Jeszcze w poniedziałek Wojciech Mann zarzucał Trójce, że zaczyna mu przypominać PRL i zmienia się w tubę propagandową PiS, ale szybko złagodził ton. - To była próba zwrócenia uwagi, by polityka nie wypierała z Trójki na przykład muzyki - mówi dziennikarz, który nie zamierza już odchodzić z radia.
Po niedawnym proteście części dziennikarzy przeciwko nowemu dyrektorowi Programu III PR Jackowi Sobali i ściągnięciu przez niego do radia prawicowych dziennikarzy, głos zabrał Wojciech Mann.
– Politycy PiS chcą zrobić z radiowej Trójki tubę propagandową. Jeśli tak dalej pójdzie, to nie widzę siebie w tym radiu – stwierdził w wywiadzie dla "Newsweeka" Mann, który od wielu lat jest związany z Trójką.
Pytany, czy odejdzie z rozgłośni, odpowiada: – Jeszcze w niej jestem. Ale mam straszny problem. Przypominam sobie swój powrót do radia po bojkocie mediów w stanie wojennym. Niestety, to, co dzieje się teraz w Trójce, przypomina mi PRL.
"To nasza wewnętrzna sprawa"
Sobala, który w poniedziałek spotkał się z Mannem, twierdzi, że wszystko sobie wyjaśnili. – Nie ma mowy o rozstaniu z panem Wojciechem. Szanuję jego prawo do własnych poglądów – mówi "Rzeczpospolitej" dyrektor Trójki. A potem szybko ucina: - W każdej rodzinie zdarzają się nieporozumienia. To nasza wewnętrzna sprawa.
Również Mann stara się tonować nastroje. – To nie był wywiad z pozycji jednej opcji politycznej przeciwko drugiej.
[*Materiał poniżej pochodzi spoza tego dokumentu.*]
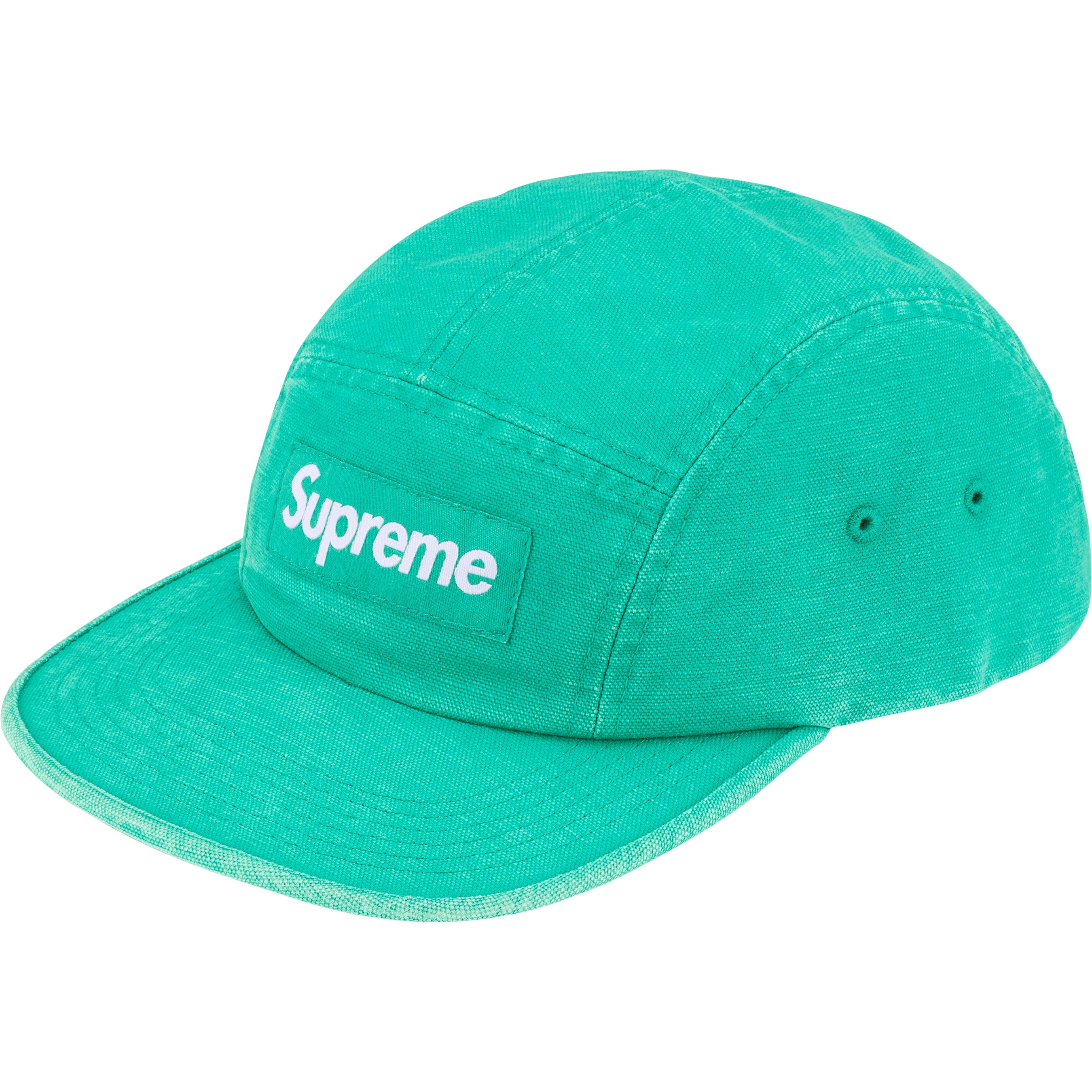 Canvas Camp Cap view 6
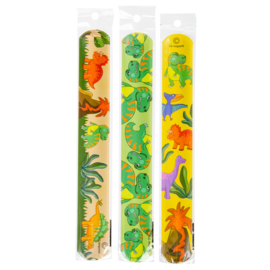 Armband / Klaparmband Dino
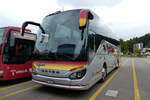 (281'174) - Dysli, Bern - Nr. 21/BE 49'871 - Setra am 10. Oktober 2025 in Winterthur, Daimler Buses 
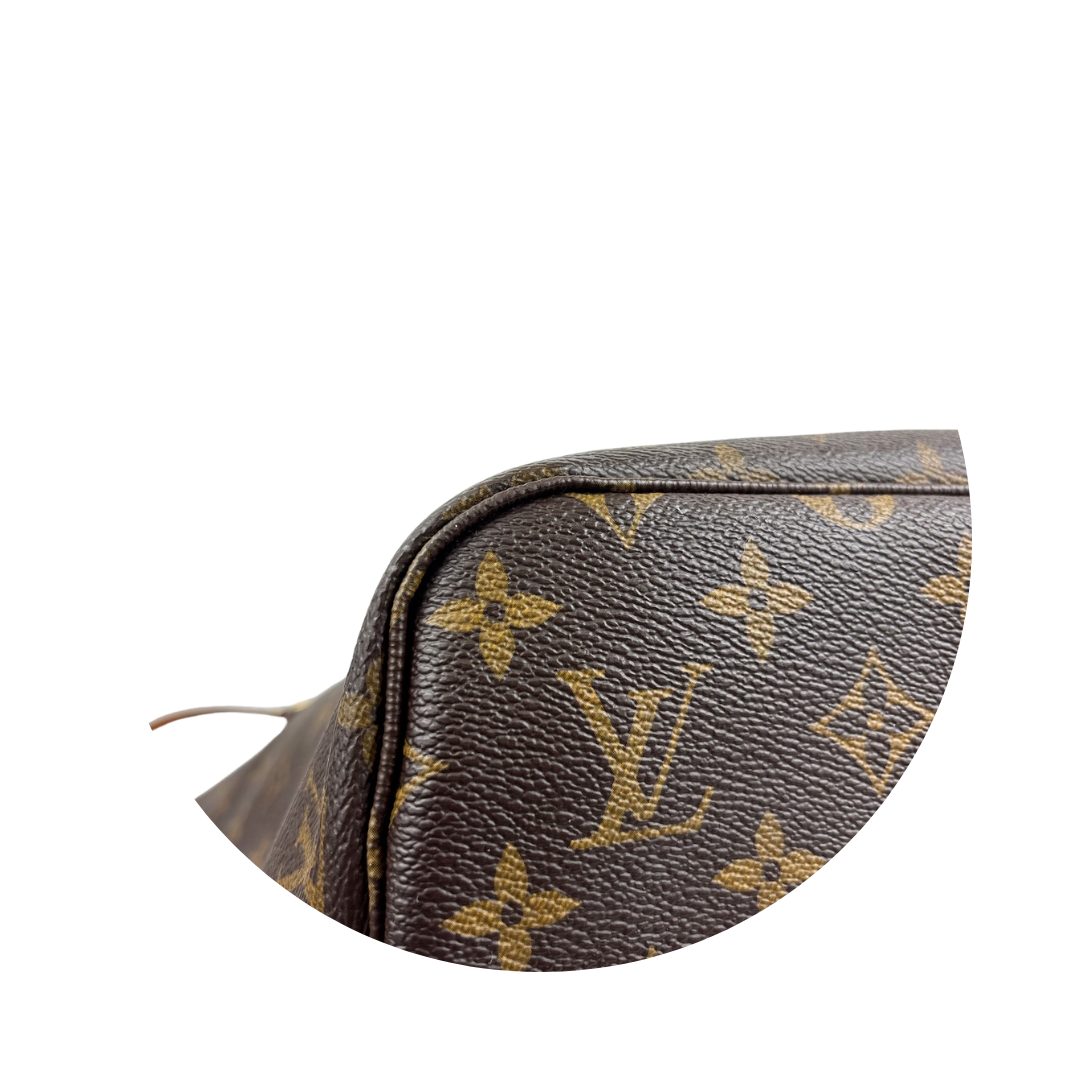Louis Vuitton Monogram Neverfull MM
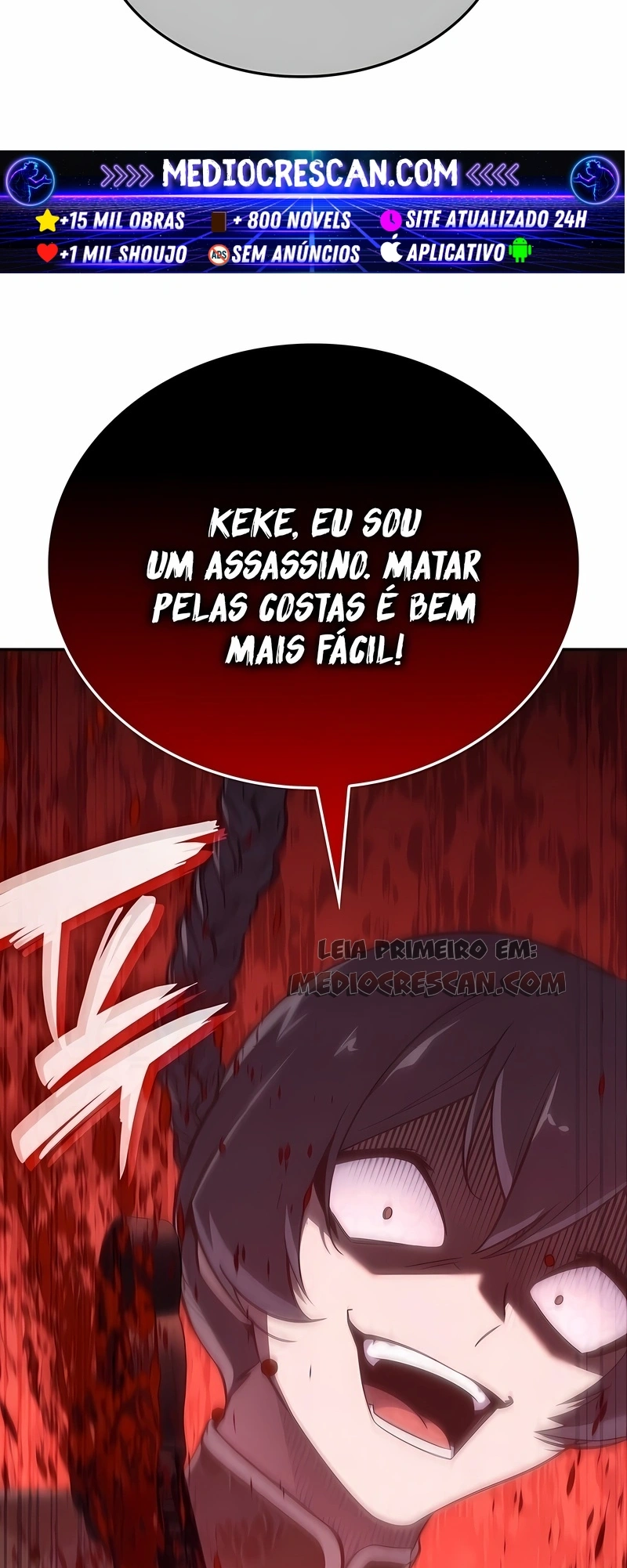 Eu Reencarnei como o Herdeiro Louco Capítulo 184 Página 99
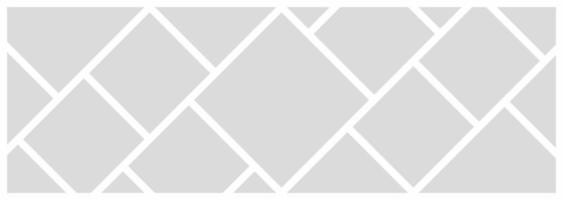 Pictures or photos frame collage. comics page grid layout abstract photo frames and digital photo wall template vector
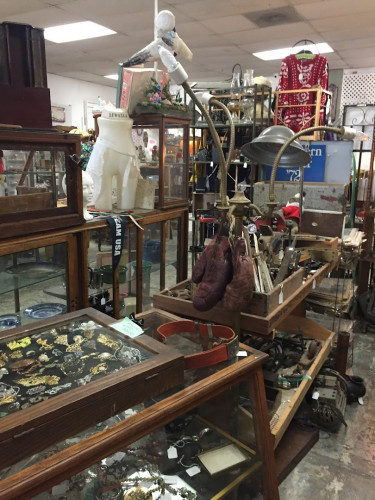 Great American Antiques Mall - Paso Robles, California 93446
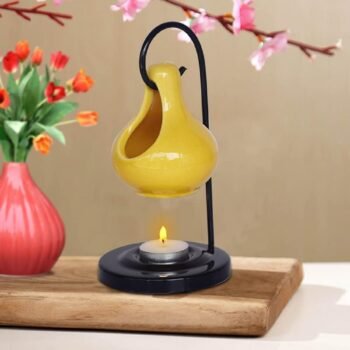 Pure Source India Ceramic Aroma Oil Diffuser HangingBest Amazon Deals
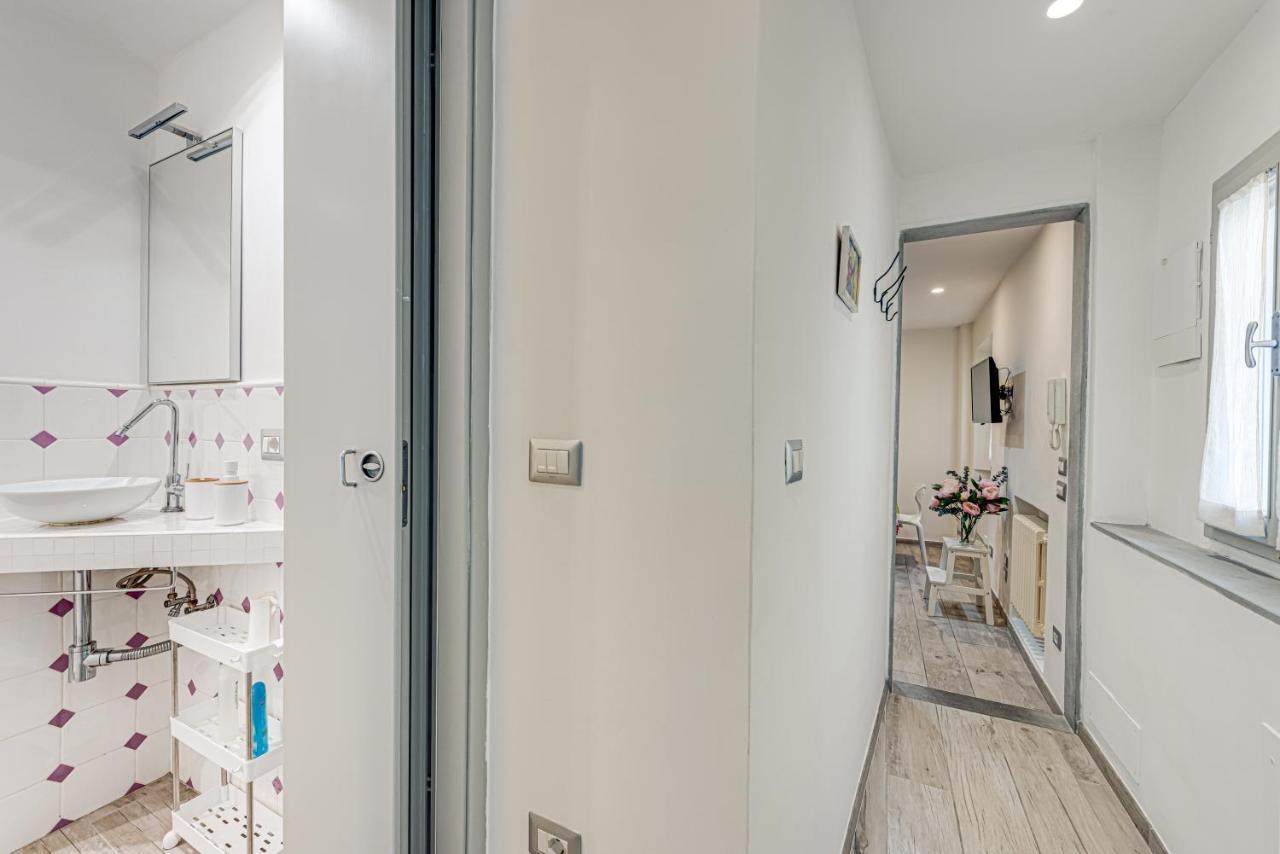 Oltrarno Dreaming Appartement Florence Buitenkant foto
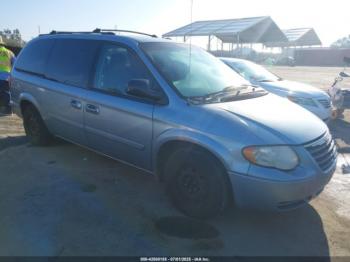  Salvage Chrysler Town & Country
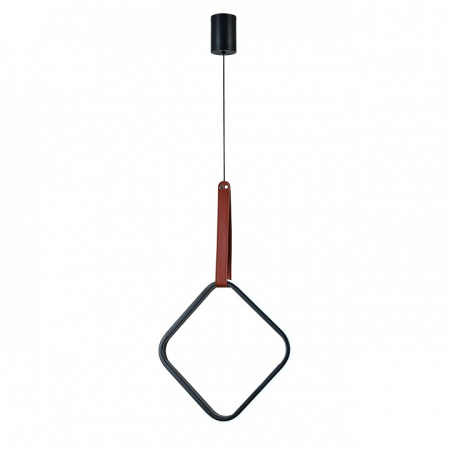 Подвесной светильник Escada ALLIANCE 10296/1LED Black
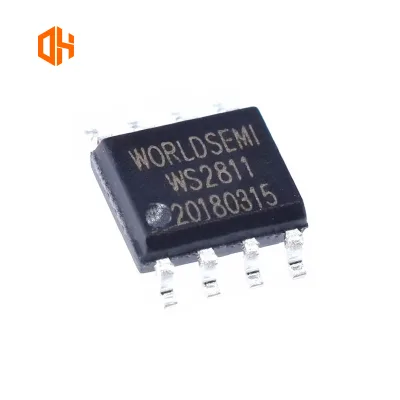 Dianxian IC WS2811 WS2811S WS2811B Power Drive Chip SOP-8 Integrated Circuit CN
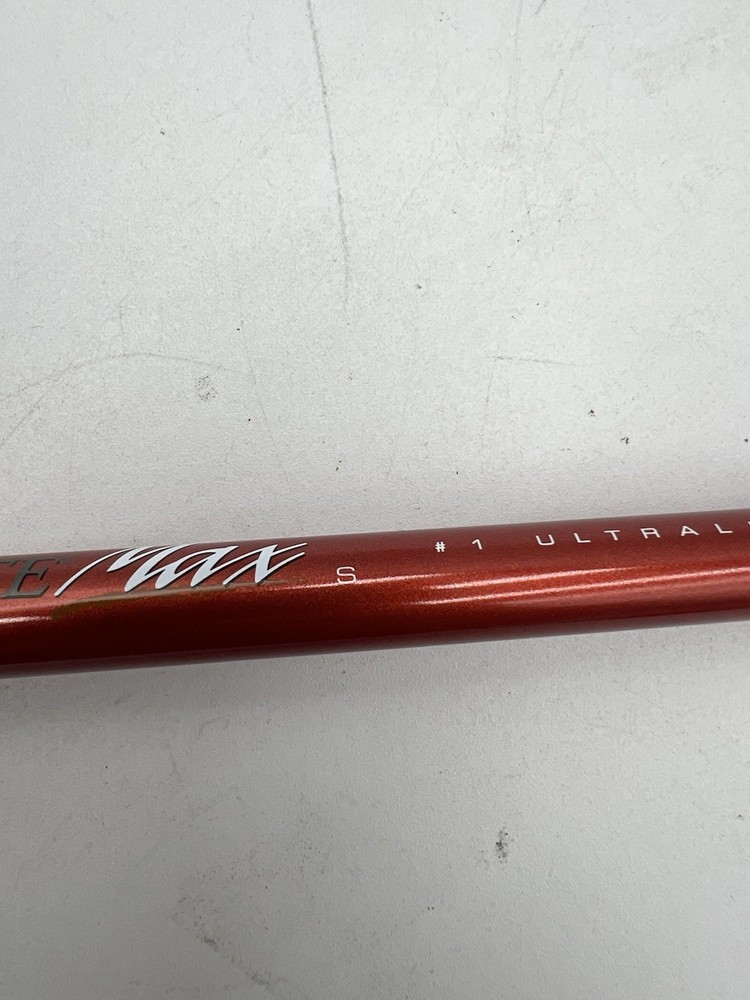 Grafalloy Prolite Max S Flex Golf Shaft 46” New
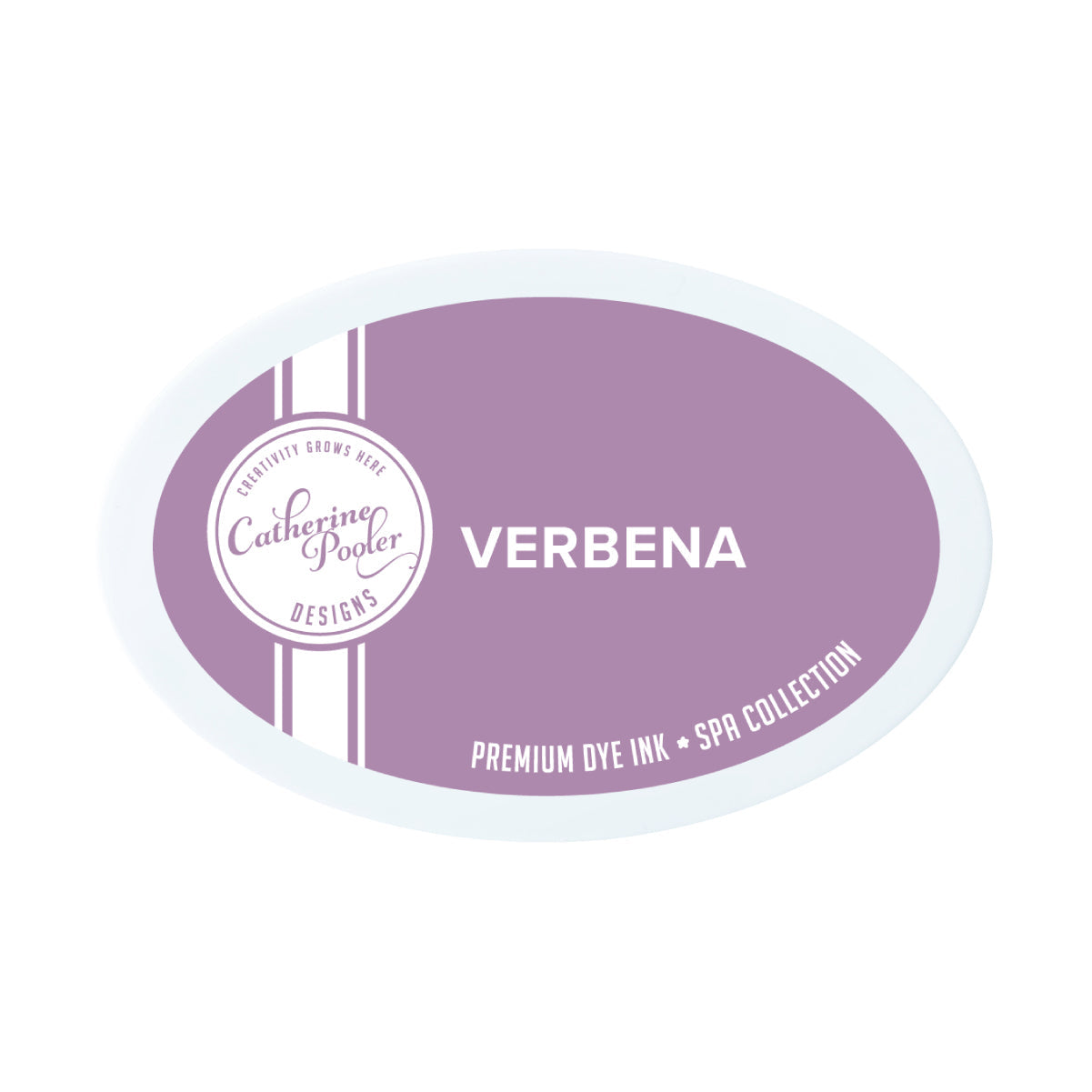 Catherine Pooler - Spa Collection - Premium Dye Ink Pad - Verbena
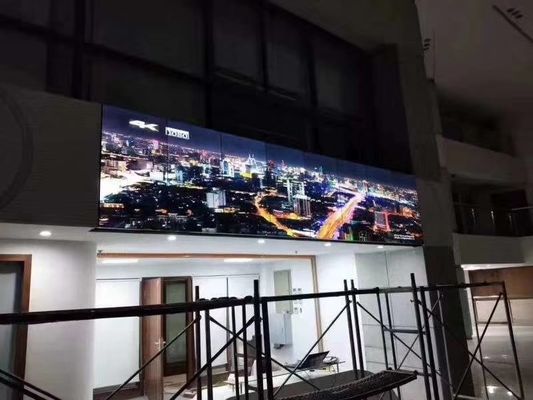 LED 비디오 벽 1080 HD LED 디스플레이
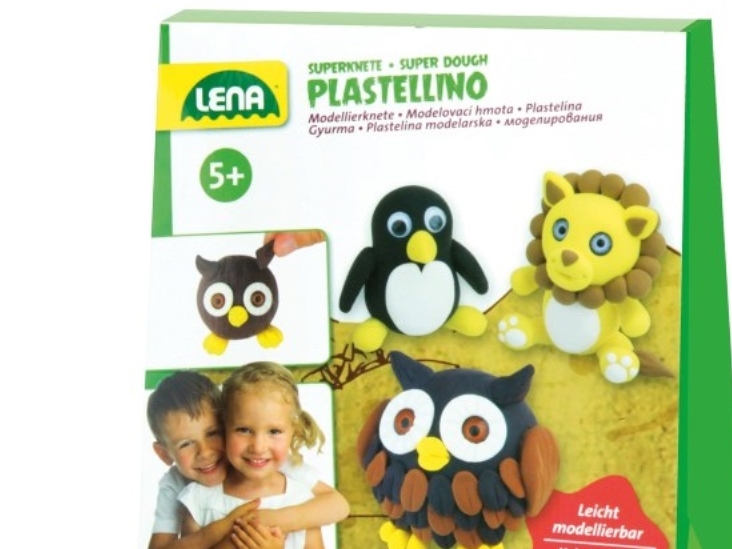 Lena Modellierwachsfigurenset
Raczej próba zwrócenia uwagi, by polityka nie wypierała z Trójki np. muzyki – mówi "Rz". I dodaje: - Przedstawiłem panu Sobali swoje stanowisko i myślę, że przyjął je ze zrozumieniem.
Czy w Trójce będzie mniej polityki? – Zaprosiłem do współpracy kilku publicystów i nie zamierzam z nich rezygnować – mówi Sobala. – Z badań wynika, że pasma publicystyczne w Trójce mają najwyższą słuchalność.